Skip to content

perf(build): batch generated dispatch builds#609

Merged
voltjia merged 1 commit into
masterfrom
perf/generated-dispatch-batching
May 15, 2026
Merged

perf(build): batch generated dispatch builds#609
voltjia merged 1 commit into
masterfrom
perf/generated-dispatch-batching

Conversation

@voltjia
Copy link
Copy Markdown
Collaborator

@voltjia voltjia commented May 15, 2026

Summary

  • Split generated dispatch implementation definitions across multiple generated source files.
  • Keep one shared generated_dispatch.h declaration header while batching per-operator dispatch definitions.
  • Mark the shared IndexToOffset header helper inline so generated dispatch shards can include the same implementation headers safely.
  • Add INFINIOPS_DISPATCH_BATCH_SIZE to tune generated dispatch source batch size.

Motivation

The generated dispatch translation unit can become large as bindings grow.

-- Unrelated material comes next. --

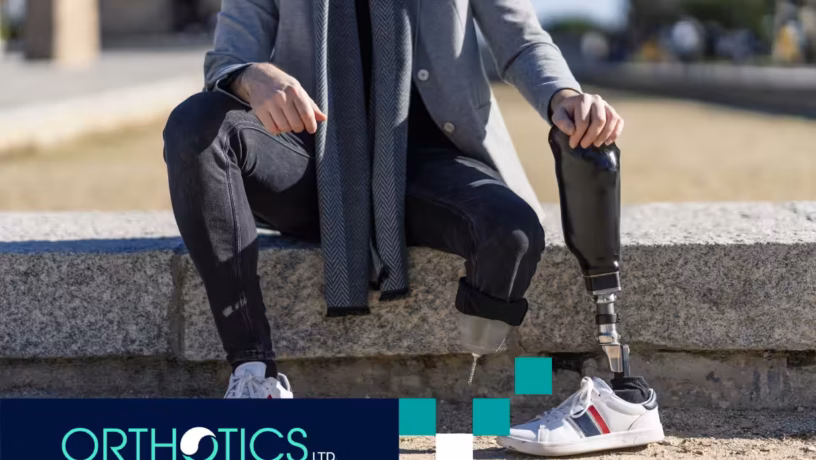 An amputee sitting outdoors, holding a prosthesis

Splitting it into multiple generated source files lets the build system compile dispatch definitions in parallel and reduces single-translation-unit compiler pressure.

Closes # N/A

Type of Change

  • N/A feat — new feature / new operator / new platform
  • N/A fix — bug fix
  • perf — performance improvement
  • N/A refactor — code restructuring without behavior change
  • N/A test — adding or fixing tests only
  • N/A docs — documentation only
  • N/A build / ci — build system or CI configuration
  • N/A chore — tooling, formatting, or other non-code changes
  • N/A Breaking change

Platforms Affected

  • CPU (WITH_CPU)
  • NVIDIA (WITH_NVIDIA)
  • Iluvatar (WITH_ILUVATAR)
  • MetaX (WITH_METAX)
  • Cambricon (WITH_CAMBRICON)
  • Moore (WITH_MOORE)
  • Ascend (WITH_ASCEND)
  • PyTorch C++ bindings (WITH_TORCH)
  • Build system / CMake / CI
  • Python bindings / user-facing API

Test Results on Supported Platforms

Direct profile, PYTEST_WORKERS=1.

Platform Built pytest Result Notes / Hardware
NVIDIA Yes 4151 passed, 1375 skipped in 312.73s Full pytest tests/. Matches #604/#605/#606/#607/#608 pass/skip counts.
Iluvatar Yes 3651 passed, 375 skipped in 259.43s Full pytest tests/. Matches #604/#605/#606/#607/#608 pass/skip counts.
MetaX Yes 5795 passed, 1447 skipped in 351.71s Full pytest tests/. Matches #604/#605/#606/#607/#608 pass/skip counts.
Cambricon Yes 3073 passed, 3857 skipped in 891.89s Full pytest tests/. Preserves #607's fix for the previous integer-input failures.
Moore Yes 300 failed, 5459 passed, 1483 skipped in 536.58s Full pytest tests/. Same known pre-existing tests/test_gemm.py MUSA failures as #604/#605/#606/#607/#608.
Ascend Yes 3828 passed, 138 skipped in 509.84s; container exit code 137 after pytest Full pytest tests/. No pytest failures in this run; same post-test exit-code behavior as #605/#606/#607/#608 and no regression versus #604.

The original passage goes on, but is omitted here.